During the noon program, Verizon announced the following winners of its 2015 Community Innovator awards:
* Joy Bramble, owner/publisher of The Baltimore Times
* Vince Canales, president of the Maryland Fraternal Order of Police
* Wanda Draper, director of programming/public affairs, WBAL-TV 11
* Solomon Graham, founder of Quality Biological Incorporated
* Rev. Dr. Cleveland Mason II, president of the United Baptist Missionary Convention
* Wannetta Thompson, executive director of GVCA Outreach, Inc.
* Rev. Dr. Jonathan Weaver, founder of The Collective Empowerment Group
* Dr. David Wilson, president of Morgan State University
* Janice Wilson, president of the Charles County Branch NAACP
Vendors speak to attendees
A surprise award was presented to Dr. A. Skipp Sanders, executive director of the Reginald F. Lewis Museum. He praised the partnership with Verizon and noted that the company’s free open house draws record-breaking numbers of guests to the museum each year, including many first-time visitors. “Black History Month is a great opportunity for us to celebrate and honor those individuals who made a significant contribution and commitment in the past and those who continue to make a difference today,” Lewis said.
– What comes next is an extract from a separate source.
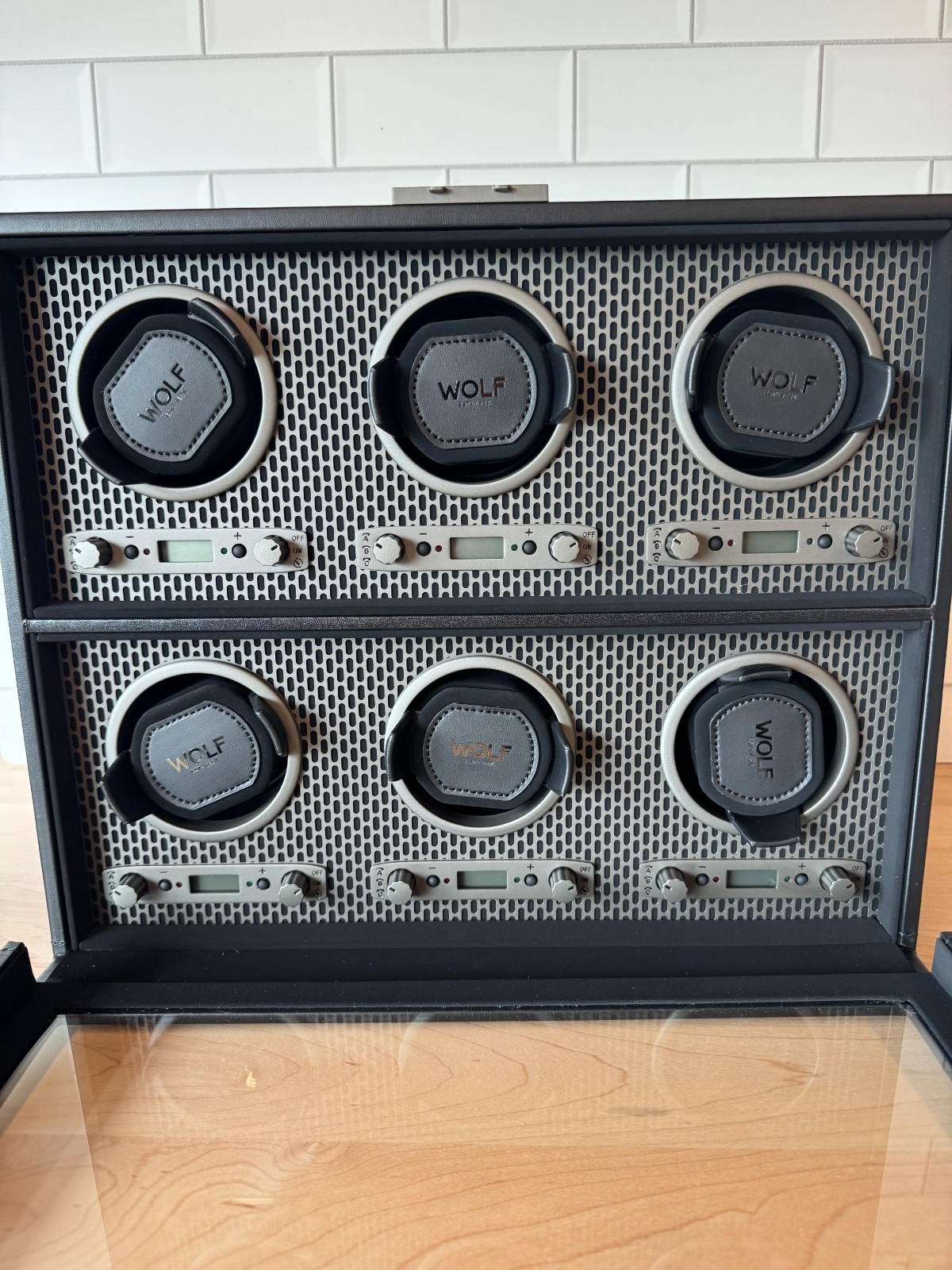 Wolf Axis Black Powder Coat 6-Piece Watch Winder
Hundreds of youth also visited the museum courtesy of Verizon. When six-year-old Zoe Lashley arrived, she was drawn to the children’s arts and crafts room, where a member of Sigma Gamma Rho Sorority helped Zoe write her first autobiography and publish her first newspaper called the Baltimore Black History News with articles on John Henry Murphy Sr., and Vivien Theodore Thomas. Murphy was an African-American newspaper publisher, best known as founder of the Baltimore Afro-American newspaper. Thomas was an African-American surgical technician who developed the procedures used to treat blue baby syndrome in the 1940s.
Zoe, a kindergarten student at The H.O.P.E. Academy, left the arts and crafts room with her newspaper proudly tucked under her arm. “By educating our youth on their history, we help ensure that the future remains strong,” Lewis said.